### Work instructions
A verbatim copy of the data below is the required output.

+++ Given data

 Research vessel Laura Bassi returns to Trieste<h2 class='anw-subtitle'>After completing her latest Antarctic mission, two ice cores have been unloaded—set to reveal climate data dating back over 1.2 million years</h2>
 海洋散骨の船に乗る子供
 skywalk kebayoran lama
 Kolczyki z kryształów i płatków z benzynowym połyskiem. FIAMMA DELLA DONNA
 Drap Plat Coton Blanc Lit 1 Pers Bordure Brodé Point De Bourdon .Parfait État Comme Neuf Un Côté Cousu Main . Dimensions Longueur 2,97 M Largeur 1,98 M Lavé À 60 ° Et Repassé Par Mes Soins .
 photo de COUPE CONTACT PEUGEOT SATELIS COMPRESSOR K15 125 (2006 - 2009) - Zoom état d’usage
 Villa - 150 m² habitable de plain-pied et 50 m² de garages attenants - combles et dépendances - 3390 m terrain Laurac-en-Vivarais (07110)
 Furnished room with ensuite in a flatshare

++++++

### Task solution
 Research vessel Laura Bassi returns to Trieste<h2 class='anw-subtitle'>After completing her latest Antarctic mission, two ice cores have been unloaded—set to reveal climate data dating back over 1.2 million years</h2>
 海洋散骨の船に乗る子供
 skywalk kebayoran lama
 Kolczyki z kryształów i płatków z benzynowym połyskiem. FIAMMA DELLA DONNA
 Drap Plat Coton Blanc Lit 1 Pers Bordure Brodé Point De Bourdon .Parfait État Comme Neuf Un Côté Cousu Main . Dimensions Longueur 2,97 M Largeur 1,98 M Lavé À 60 ° Et Repassé Par Mes Soins .
 photo de COUPE CONTACT PEUGEOT SATELIS COMPRESSOR K15 125 (2006 - 2009) - Zoom état d’usage
 Villa - 150 m² habitable de plain-pied et 50 m² de garages attenants - combles et dépendances - 3390 m terrain Laurac-en-Vivarais (07110)
 Furnished room with ensuite in a flatshare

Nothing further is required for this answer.